Mr. LaRosa Misses the Point #3
Seriously, Seriously This Isn't a Product Safety Issue - Really!
Mr. LaRosa states:
In any case, I am not aware of any past action over the past 25 years where a meal replacement shake or bar was taken off the market, and these are the products that comprise the bulk of Herbalife's weight loss product sales. Therefore, at most, if there was a problem with HLF's other diet pills, at most they'd have to reformulate the product to eliminate any possible side effects. This is easily accomplished.
Secondly, since there are at least two dozen MLM companies operating in the U.S., all following basically the same sales model. If the government shut down HLF, they'd be forced to investigate the other MLM operators. The FTC is understaffed as it is, and conducting 24 separate company investigations would be an impossible task.
Again - this is not about past precedents being set for a PowerBar being pulled off the shelf - the FTC is looking at Herbalife because the company operates as a pyramid scheme.
Secondly, there are not at least two dozen MLM companies operating in the U.S. with "basically the same sales model." The enormous difference between companies like Tupperware and Herbalife is that Tupperware keeps air-tight weekly records of how much product the company sells inside of the network versus outside of the network. Herbalife simply doesn't have these numbers, despite claiming to enforce a mythical 70% rule, which company executives admitted, under oath, that rarely ever gets looked into. What's the difference? Tupperware sells outside of their network - they're not a pyramid scheme. Herbalife sells primarily in network to "distributors", "members" or whatever they're calling distributors this week - Herbalife is a pyramid scheme.
One of the last arguments that Mr. LaRosa cites is the fact that the company has been around for 30+ years. The simple, lawyerly answer to that question is that length of existence does not equal credibility.
The facts are that the MLM industry needs to be looked at and reformed as a whole, and that this opportunity has served itself up to the FTC on a golden platter. All we need is someone with a keen mind focused on doing the right thing and protecting future "distributors", and we should see major changes implemented not only with Herbalife, but across the MLM industry.

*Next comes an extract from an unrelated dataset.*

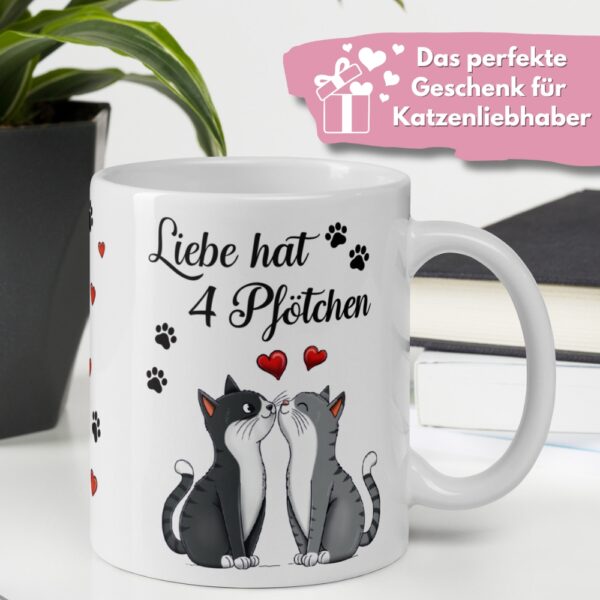 Katzentasse Katzen Tasse Kaffeetasse mit Spruch - Liebe hat vier Pfoten - Geschenk für Katzenliebhaber - Geschenkidee auf Schreibtisch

Thus, it's clear to me that the chances of the government shutting down Herbalife are much greater than zero.
Mr. LaRosa says it himself to conclude his article - basically making the bears' point:
Granted, the earnings are paltry, both on a part-time and full-time basis, with the exception of a lucky few that got in on the company in the beginning.
This leads me to believe he somewhat understands the pyramidal nature of the company. Why he would write a two-page article defending the products, as opposed to the business model, is beyond me. Mr. LaRosa, read that last sentence of yours over a few times - that "lucky few" is a group of executives and lifelong distributors that have made their riches by promising distributors they could do things like earn $10,000 a month after being a distributor for just ten months. If the "earnings are paltry", do you think that's a fair statement for someone on Herbalife's Board of Directors (John Tartol) to make?
Investment thesis: I believe Mr. LaRosa has completely missed the point of the FTC investigation, and the results of the FTC action will likely prove that in the coming year. I continue to contend that Herbalife is a worldwide confidence game that will ultimately be shut down by regulators.